In red it has been represented the results for Bag of Words approach.

As you can see, even if the results obtained with the LSA classifier are not so bad, the traditional approach based on bag of words (in this experiment extracted through TD-DF) returns better results.

The training set used generated around 8.000 features (single words) and the vectors have been built using 500 features (6.25% of the total). 
The size of the features having relevant ranking in the LSA approach is around 15000, and to ensure the same conditions of the test I trained the system choosing again 500 features (3.33% of the total).
Basically the useful information to classify the docs in LSA approach is spread over a bigger feature set.

As we have already seen in the past, doesn't exist a technique that perform better than other approaches with every data set. With this data set (a sub set of the Reuters 21578) the LSA requires more physical resources and returns worse results.

If we scratch the surface of the results, we can observe that it detects different aspects of the corpus to classify the docs: for instance it performs better with "GRAIN" category. So I wonder if we can take advantage of this aspect to ensemble this approach with the bag of words to improve further the accuracy (as suggested by a follower of this blog) !
...We will see the results of this conjecture the next post.
As usual: Stay Tuned!!


  1. Very interesting. Here's something that may be related that I have tried to simulate in past musings, but lacked time to pursue. I believe that your linkage of coincident words might make this a potentially practical approach.

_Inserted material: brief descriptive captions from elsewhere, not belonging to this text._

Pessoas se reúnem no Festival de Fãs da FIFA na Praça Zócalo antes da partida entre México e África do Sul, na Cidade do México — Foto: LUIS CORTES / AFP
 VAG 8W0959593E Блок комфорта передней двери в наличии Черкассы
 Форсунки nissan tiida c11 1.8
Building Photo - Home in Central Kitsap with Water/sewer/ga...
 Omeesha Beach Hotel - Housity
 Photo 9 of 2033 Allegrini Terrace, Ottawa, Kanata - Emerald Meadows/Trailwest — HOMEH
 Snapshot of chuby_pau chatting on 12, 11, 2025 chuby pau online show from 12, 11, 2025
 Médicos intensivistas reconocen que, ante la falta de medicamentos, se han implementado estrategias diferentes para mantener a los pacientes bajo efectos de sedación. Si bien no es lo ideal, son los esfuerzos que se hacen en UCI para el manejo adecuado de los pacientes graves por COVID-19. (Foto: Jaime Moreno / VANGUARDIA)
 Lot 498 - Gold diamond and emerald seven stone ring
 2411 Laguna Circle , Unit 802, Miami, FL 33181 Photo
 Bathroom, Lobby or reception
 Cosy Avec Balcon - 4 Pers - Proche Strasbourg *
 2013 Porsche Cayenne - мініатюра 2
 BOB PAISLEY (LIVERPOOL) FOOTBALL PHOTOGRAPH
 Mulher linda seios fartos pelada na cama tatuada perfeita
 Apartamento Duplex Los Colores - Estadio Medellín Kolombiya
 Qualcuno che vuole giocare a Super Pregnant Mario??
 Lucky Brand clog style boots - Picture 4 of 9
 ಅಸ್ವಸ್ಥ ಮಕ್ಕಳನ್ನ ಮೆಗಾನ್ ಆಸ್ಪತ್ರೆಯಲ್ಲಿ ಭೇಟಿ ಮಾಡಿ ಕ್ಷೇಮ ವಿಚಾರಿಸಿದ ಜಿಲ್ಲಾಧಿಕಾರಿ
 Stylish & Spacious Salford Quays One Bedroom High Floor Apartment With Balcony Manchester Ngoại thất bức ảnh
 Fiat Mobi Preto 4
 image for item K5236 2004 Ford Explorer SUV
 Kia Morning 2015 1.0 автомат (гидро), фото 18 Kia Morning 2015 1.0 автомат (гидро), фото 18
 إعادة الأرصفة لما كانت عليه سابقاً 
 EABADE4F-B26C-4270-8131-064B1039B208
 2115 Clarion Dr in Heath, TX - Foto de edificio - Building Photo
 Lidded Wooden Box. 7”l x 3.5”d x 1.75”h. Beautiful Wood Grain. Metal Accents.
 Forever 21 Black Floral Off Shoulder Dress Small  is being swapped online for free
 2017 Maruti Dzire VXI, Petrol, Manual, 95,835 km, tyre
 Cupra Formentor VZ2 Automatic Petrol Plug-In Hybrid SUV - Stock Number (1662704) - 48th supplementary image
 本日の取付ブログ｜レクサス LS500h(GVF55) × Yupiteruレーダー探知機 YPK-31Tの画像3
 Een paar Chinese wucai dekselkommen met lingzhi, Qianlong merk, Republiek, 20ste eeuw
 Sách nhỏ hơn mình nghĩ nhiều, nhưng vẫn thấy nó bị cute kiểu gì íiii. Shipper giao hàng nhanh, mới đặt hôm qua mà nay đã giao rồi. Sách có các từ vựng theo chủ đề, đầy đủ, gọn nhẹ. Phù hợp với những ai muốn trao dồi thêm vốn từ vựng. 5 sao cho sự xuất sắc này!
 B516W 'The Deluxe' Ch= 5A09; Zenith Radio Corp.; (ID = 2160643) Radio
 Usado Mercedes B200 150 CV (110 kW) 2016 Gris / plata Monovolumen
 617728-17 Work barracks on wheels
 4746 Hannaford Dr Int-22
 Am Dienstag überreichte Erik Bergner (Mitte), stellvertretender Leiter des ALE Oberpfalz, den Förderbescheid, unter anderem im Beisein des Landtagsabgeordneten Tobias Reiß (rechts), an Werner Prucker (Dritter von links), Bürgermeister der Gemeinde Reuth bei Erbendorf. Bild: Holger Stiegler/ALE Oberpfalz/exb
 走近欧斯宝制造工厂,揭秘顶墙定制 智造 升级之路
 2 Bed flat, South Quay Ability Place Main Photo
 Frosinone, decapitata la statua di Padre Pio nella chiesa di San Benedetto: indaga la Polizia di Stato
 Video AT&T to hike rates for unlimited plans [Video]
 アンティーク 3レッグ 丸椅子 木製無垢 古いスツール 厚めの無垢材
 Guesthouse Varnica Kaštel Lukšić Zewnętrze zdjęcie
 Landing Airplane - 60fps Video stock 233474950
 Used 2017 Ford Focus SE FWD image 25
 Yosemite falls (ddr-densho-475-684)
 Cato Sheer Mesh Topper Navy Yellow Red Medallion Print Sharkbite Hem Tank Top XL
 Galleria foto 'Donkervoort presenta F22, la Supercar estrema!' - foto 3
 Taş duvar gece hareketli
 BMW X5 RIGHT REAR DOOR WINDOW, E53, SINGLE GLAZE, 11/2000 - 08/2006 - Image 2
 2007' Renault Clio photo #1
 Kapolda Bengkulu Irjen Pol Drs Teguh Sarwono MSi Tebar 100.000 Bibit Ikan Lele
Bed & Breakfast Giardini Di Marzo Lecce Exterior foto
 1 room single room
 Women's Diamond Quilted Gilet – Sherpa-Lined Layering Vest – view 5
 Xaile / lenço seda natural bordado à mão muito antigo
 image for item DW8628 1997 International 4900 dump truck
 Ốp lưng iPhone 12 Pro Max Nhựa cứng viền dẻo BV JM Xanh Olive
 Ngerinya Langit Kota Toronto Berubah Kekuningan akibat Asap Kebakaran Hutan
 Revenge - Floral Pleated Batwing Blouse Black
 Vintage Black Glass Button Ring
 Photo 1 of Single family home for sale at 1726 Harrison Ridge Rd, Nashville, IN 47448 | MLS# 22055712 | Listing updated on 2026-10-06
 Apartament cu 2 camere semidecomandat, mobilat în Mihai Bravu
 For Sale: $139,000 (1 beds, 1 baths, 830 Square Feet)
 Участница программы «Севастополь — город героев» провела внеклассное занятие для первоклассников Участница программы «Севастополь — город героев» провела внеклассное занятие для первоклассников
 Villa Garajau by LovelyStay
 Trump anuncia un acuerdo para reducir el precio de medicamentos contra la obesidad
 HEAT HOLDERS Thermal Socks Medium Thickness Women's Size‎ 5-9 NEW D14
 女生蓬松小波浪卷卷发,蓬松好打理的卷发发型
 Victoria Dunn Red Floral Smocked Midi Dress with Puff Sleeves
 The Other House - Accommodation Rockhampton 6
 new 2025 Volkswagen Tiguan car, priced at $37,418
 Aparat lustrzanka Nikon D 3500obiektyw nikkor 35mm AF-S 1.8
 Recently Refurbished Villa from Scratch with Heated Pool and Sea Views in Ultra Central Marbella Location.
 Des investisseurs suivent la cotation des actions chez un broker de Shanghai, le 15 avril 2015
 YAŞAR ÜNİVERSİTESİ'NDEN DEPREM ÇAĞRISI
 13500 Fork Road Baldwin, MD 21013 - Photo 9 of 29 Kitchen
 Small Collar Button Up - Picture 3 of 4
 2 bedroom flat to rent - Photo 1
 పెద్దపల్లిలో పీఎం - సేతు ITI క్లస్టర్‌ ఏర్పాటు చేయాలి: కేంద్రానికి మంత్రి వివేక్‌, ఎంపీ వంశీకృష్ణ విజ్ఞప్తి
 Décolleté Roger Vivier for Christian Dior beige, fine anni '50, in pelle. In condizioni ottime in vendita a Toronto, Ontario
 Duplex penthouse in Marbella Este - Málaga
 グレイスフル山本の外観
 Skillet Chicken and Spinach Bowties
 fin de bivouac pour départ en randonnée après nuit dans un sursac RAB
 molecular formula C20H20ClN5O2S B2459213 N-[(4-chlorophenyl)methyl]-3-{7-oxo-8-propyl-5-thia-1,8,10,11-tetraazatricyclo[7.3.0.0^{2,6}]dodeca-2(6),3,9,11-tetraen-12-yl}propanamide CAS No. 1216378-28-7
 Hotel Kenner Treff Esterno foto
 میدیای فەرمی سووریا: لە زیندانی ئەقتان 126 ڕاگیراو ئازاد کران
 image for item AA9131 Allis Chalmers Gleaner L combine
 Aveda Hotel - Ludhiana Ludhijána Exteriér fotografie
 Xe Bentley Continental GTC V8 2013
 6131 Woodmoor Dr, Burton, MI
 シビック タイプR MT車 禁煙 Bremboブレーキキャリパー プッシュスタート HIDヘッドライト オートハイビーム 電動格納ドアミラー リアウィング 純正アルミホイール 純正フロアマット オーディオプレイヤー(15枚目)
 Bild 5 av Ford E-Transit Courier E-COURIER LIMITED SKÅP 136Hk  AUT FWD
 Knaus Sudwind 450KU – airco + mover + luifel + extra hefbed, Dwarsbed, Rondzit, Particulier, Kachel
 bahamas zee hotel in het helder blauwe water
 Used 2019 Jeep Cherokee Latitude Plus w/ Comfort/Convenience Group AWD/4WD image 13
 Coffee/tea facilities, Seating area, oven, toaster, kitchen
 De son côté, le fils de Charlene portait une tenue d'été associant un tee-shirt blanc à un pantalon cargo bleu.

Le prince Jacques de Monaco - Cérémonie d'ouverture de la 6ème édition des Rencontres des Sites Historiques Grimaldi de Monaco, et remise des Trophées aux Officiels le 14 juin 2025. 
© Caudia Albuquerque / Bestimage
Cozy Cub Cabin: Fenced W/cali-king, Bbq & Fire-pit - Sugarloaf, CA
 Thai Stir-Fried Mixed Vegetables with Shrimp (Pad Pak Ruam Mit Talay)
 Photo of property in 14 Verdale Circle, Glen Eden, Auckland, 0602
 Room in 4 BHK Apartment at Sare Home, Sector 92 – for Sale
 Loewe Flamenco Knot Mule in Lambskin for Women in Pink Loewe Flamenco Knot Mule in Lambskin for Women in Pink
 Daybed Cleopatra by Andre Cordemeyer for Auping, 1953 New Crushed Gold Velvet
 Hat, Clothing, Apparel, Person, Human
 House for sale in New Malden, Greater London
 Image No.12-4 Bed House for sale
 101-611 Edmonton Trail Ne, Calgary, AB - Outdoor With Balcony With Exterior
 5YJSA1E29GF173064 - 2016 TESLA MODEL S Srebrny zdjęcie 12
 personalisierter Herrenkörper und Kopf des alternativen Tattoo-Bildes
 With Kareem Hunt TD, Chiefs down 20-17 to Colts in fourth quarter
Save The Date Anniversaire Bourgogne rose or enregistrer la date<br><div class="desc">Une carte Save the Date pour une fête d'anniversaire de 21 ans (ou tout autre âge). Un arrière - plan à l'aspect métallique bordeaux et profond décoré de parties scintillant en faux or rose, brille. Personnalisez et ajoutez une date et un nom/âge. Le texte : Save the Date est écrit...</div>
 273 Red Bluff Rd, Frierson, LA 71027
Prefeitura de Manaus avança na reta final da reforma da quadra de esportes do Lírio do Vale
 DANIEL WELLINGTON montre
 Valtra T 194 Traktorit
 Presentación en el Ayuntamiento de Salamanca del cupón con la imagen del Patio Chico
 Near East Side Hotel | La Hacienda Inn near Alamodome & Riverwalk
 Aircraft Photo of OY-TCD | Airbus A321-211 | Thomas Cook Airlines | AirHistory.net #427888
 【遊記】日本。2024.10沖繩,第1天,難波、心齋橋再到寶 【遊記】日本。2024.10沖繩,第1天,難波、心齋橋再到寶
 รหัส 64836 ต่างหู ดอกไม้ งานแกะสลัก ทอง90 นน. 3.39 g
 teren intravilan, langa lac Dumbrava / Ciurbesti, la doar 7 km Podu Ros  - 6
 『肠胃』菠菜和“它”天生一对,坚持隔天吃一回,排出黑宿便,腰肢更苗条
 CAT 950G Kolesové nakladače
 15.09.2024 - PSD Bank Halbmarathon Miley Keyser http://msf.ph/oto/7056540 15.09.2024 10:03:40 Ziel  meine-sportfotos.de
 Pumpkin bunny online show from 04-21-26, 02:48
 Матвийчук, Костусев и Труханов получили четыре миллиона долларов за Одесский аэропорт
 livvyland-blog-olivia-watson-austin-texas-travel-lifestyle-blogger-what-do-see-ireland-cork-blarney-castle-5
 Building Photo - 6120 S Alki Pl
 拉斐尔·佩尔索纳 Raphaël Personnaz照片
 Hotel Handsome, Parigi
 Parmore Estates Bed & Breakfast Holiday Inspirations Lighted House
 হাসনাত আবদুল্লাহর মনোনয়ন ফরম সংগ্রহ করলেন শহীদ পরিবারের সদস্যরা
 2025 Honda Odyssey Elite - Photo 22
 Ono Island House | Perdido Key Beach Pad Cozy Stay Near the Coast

    Base thought is that static semantic ontologies are "trustworthy" and good for finding linked events through the standard triplet construction. The SVG/bag of words/ your new method have the advantage of growth and adaptive performance when new documents are added at a future time. My thought was to be able to use the adaptive properties of the growing linkage structures (ref. your diagrams) with constraint to have these fit into the triplet constructs of an existing ontology. The constraint imposed on the SVG or bag of words is essentially a forced set of "known" vector transforms of the ontolgical past document contents, with new documents added and document vectors with incorporation of new words or now coincident word groups in relation to these "known" constructions. The resulting vector set of documents and weights are now available for insertion into the ontology in automated fashion, rather than human insertion. This lends an adaptive component to otherwise static ontological forms, and steadies the adaptive nature of the SVG-like approach, without denying the discovery of new combinations of words, weighting, vector discovery by document, etc. I haven't looked at this problem for several years at this point, and perhaps there already exists work in this area for adaptive growth of ontologies. I'd be interested in hearing about what is current.

    1. Hi Phyllis,
      thanks for your contribute and sorry for being late in reply you.
      As I wrote in linkedin ( I found out some interesting works as for instance: .
      In this article has been showed a technique based on quite similar to your work called "Latent Dirichlet allocation".
      One of the interesting thing of this paper is the test done on document classification using exactly the same data set I used so far.
      Unfortunately the test has been done only on two categories (while our tests are based on 4 categories) and the results doesn't seem so brilliant.
      Of course it doesn't mean that the technique doesn't work! As we know, doesn't exist a method that fit every kind of data set!
      By the way, the approach could be more useful for indexing and entity extraction tasks.